YOUR ASSIGNMENT: Within the records below is a range that opens at the line with "In Fantastic Location" and closes at the line with "509 SE 4th Terrace". Return that range word for word, both ends included, and only that range.

DATASET:
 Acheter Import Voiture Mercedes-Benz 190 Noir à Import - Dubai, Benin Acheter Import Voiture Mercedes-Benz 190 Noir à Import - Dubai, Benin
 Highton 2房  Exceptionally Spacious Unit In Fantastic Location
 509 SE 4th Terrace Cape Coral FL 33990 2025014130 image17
==
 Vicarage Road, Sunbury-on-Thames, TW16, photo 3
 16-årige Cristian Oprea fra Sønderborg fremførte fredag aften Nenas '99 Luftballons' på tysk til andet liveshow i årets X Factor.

WORKED SOLUTION:
 Highton 2房  Exceptionally Spacious Unit In Fantastic Location
 509 SE 4th Terrace Cape Coral FL 33990 2025014130 image17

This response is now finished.